I've posted a bit of this on FB before (I think). A chapter from an unfinished novel. Enjoy?
Old Renki's Tale
“We’ll be there soon. The crest of the valley is not far ahead,” old Renki said.
“Tell me again how you came to be with the Great Horde,” young Carn said.
They were both saddle-tired but unable to stop. They were riding through a place patrolled by fearless Dire wolf packs.
“Don’t you ever tire of that tale?” asked the old Northman.
“Yes. But I’m bored. Tell me again,” the young Nomad said.
“Fine. But listen well. I’m going to tell you in the tongue of the Northmen.”

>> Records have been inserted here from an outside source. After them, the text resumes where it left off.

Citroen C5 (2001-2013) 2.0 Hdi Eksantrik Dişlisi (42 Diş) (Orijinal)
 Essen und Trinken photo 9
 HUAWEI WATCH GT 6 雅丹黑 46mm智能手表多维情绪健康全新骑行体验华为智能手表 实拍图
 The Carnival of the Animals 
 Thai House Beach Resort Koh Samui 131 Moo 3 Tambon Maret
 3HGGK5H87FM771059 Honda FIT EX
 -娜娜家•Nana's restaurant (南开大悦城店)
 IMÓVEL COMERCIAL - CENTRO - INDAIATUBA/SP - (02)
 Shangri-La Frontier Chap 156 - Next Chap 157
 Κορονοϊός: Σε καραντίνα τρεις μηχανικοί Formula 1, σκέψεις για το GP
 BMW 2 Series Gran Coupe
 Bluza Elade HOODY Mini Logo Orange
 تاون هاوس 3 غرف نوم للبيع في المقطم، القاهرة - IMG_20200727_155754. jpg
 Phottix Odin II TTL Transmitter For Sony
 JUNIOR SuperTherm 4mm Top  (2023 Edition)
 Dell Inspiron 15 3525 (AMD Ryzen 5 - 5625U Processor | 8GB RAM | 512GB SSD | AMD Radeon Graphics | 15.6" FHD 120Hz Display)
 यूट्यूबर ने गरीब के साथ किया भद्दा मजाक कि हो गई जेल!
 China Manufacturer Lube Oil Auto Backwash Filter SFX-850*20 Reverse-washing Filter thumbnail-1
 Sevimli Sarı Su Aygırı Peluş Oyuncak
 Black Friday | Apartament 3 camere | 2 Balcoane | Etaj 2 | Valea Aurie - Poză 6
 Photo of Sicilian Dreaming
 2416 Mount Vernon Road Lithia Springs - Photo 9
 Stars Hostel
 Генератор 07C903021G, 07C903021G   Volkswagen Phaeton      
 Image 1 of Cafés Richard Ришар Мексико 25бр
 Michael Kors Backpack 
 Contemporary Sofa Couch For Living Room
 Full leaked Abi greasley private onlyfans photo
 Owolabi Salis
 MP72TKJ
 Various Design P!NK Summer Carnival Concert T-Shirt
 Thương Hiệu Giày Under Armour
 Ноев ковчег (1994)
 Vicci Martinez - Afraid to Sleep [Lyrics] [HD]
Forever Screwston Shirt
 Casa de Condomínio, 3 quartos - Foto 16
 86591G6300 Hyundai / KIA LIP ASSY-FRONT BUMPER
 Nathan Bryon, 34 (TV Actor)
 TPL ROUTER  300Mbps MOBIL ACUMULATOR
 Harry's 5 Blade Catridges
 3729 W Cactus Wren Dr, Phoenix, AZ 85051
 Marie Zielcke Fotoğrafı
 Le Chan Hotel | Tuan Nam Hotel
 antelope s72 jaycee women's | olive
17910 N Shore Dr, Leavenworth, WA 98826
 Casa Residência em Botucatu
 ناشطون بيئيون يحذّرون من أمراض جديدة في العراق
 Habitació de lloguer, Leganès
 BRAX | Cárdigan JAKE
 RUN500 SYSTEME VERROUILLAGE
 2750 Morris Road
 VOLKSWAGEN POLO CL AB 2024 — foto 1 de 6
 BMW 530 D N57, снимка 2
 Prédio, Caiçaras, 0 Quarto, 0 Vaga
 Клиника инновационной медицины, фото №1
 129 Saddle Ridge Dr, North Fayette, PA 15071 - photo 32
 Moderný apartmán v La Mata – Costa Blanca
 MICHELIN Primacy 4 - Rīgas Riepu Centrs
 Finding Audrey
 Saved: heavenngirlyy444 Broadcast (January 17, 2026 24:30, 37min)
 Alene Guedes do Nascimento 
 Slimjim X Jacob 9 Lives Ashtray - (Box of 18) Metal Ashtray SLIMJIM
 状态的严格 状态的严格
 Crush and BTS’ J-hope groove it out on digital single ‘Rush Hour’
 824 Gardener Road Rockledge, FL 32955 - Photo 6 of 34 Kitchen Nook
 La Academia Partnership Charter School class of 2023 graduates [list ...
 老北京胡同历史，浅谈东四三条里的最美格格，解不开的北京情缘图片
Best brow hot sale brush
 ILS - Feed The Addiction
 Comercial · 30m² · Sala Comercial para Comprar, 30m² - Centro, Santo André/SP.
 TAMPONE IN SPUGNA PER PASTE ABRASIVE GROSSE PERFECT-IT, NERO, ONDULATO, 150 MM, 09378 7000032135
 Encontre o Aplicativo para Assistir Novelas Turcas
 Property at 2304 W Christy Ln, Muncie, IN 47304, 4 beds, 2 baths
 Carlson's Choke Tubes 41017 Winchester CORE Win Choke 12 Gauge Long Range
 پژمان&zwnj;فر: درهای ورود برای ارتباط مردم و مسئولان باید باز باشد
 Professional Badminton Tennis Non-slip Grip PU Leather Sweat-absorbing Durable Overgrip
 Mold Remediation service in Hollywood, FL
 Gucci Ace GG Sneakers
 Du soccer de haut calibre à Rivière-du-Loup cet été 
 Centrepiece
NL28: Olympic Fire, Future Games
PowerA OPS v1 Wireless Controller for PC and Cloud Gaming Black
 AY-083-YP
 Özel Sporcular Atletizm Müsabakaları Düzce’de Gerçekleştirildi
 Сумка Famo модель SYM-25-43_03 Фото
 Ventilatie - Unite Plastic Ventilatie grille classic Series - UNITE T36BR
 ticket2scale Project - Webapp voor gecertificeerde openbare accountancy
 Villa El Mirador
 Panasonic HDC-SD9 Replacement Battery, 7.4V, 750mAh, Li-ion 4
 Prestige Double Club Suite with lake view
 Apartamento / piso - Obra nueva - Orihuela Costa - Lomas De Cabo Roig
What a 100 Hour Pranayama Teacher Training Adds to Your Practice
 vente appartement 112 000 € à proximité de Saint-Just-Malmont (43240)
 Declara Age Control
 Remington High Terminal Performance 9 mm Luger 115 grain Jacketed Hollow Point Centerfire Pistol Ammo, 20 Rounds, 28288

Not so far away the howl of a wolf broke the night.
**
At eighteen years, Renki had put his father, a proud Northman warrior, upon the funeral pyre. The old man had taken an arrow in his thigh days before, during a raid on a trade caravan from the cities of the West. The wound wouldn’t close and the village healer suspected the arrow's point had been laced with infection.
His mother, a stern yet beautiful woman, followed her husband the following winter. She feigned illness, but her son knew her broken heart had killed her.
That spring, as the stag herds began to wander back up from the Great Valley below, young Renki burned his family’s lodgings and rode his father’s stallion down from the mountains. He passed weary groups of Northmen and their families, people who’d decided to settle the lowlands and forsake the raiding life in favor of a life behind the plow. He went beyond the fertile lands they sought to possess.
He rode over the valley’s rim, and headed across the plains to seek fortune and adventure among the fabled Eastern Kingdoms.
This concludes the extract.